**What the task asks**
Repeat exactly, and only, the lines below starting at the line that contains "PUBLICITE PUB ADVERTISING" and ending at the line that contains "silhouette of a woman meditating", inclusive of both.
[Supplied data Boundary: Start]
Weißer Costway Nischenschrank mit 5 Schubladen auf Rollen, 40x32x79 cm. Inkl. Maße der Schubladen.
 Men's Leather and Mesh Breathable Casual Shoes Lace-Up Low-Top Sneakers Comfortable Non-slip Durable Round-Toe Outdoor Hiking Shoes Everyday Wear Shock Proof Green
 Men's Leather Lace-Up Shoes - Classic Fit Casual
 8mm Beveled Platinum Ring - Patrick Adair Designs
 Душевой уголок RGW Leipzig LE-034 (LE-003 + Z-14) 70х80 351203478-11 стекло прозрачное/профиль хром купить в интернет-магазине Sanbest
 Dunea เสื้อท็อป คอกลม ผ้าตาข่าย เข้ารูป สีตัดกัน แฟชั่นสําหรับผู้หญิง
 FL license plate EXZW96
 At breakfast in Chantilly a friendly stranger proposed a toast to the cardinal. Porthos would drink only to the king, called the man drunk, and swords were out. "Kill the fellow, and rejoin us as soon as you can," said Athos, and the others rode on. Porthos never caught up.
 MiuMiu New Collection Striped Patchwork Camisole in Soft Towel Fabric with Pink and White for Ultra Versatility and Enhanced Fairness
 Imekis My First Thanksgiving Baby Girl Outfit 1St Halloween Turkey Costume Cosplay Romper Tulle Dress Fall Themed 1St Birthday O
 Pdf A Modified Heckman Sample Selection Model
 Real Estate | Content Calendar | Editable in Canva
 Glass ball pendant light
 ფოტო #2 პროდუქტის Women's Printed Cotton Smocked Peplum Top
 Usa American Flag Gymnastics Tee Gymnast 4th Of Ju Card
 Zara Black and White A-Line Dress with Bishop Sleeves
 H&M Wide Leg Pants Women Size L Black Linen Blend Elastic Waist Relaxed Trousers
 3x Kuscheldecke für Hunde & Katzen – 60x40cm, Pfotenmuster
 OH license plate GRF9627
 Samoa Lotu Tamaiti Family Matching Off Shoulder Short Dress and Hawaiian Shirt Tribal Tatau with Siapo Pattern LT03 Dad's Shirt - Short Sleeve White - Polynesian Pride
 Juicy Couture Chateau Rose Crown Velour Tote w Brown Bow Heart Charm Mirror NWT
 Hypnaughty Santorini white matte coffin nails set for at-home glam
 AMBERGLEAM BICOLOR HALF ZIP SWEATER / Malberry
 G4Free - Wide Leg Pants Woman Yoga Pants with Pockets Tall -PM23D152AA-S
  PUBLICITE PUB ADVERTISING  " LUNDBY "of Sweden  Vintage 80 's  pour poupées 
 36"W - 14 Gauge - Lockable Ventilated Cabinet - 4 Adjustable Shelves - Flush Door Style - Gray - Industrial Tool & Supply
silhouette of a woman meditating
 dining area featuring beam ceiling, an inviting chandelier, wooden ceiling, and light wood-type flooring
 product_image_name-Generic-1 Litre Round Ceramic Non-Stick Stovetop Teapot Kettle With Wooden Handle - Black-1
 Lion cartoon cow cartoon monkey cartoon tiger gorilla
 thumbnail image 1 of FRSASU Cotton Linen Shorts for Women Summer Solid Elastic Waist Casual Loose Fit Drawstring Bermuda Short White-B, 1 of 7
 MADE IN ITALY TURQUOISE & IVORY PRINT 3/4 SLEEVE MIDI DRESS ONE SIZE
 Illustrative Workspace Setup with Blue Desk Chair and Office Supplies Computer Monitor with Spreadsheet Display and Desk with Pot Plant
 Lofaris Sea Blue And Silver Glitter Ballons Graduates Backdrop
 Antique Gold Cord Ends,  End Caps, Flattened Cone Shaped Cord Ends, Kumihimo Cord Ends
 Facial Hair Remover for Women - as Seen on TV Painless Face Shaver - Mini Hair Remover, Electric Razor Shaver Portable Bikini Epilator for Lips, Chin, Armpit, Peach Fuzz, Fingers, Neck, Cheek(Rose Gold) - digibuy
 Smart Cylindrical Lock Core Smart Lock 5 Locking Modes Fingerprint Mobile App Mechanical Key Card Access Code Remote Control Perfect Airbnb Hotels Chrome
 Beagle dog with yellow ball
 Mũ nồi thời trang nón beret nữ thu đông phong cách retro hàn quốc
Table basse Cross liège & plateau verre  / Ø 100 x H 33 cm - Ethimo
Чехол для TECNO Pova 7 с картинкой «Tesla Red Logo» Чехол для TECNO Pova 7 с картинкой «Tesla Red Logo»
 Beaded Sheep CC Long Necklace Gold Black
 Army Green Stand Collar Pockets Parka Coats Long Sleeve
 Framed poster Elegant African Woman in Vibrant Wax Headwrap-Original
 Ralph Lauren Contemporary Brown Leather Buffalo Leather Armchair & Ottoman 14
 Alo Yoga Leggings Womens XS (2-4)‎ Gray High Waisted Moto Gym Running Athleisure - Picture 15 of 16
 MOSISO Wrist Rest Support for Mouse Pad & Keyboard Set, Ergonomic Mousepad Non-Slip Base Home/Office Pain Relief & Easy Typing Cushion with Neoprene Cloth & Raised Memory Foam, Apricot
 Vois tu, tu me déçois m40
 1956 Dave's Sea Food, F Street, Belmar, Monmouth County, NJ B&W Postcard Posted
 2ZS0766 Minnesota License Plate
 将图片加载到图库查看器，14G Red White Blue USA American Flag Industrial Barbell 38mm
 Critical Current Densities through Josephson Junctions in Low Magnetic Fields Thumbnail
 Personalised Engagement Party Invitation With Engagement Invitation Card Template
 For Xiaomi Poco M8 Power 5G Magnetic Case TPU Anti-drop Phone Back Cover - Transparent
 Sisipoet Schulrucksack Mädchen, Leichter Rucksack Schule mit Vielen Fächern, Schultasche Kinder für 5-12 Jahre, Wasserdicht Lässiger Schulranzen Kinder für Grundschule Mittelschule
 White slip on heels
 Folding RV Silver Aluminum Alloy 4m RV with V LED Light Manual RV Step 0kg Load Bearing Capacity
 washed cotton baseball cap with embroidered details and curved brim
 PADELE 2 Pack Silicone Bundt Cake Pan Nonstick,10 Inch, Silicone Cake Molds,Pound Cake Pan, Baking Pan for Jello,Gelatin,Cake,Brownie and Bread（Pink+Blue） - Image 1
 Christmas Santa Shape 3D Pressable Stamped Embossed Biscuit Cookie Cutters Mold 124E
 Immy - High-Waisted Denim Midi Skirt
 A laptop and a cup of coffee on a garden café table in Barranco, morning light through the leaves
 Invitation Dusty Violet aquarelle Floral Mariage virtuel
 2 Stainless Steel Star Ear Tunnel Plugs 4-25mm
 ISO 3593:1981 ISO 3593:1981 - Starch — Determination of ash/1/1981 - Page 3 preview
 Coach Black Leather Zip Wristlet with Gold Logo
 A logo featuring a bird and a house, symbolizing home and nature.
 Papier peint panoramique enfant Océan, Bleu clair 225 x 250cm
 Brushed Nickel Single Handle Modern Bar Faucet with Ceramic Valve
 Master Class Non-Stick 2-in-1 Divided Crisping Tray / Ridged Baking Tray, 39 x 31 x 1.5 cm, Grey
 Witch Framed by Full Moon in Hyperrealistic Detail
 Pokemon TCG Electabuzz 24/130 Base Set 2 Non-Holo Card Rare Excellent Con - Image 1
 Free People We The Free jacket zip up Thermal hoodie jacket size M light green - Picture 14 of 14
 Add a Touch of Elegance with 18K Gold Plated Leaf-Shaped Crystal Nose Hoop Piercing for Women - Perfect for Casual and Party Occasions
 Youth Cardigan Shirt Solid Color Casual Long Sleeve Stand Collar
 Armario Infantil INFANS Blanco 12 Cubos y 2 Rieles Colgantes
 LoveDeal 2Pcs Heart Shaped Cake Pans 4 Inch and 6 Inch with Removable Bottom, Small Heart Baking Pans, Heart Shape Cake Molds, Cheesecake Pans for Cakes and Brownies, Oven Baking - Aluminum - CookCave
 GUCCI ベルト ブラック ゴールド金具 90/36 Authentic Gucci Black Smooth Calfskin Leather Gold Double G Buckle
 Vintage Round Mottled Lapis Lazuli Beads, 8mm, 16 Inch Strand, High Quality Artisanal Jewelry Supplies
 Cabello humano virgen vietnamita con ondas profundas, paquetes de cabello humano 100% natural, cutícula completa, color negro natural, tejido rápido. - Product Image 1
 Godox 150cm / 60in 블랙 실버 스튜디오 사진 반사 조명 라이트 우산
[Supplied data Boundary: End]
**Your response**
  PUBLICITE PUB ADVERTISING  " LUNDBY "of Sweden  Vintage 80 's  pour poupées 
 36"W - 14 Gauge - Lockable Ventilated Cabinet - 4 Adjustable Shelves - Flush Door Style - Gray - Industrial Tool & Supply
silhouette of a woman meditating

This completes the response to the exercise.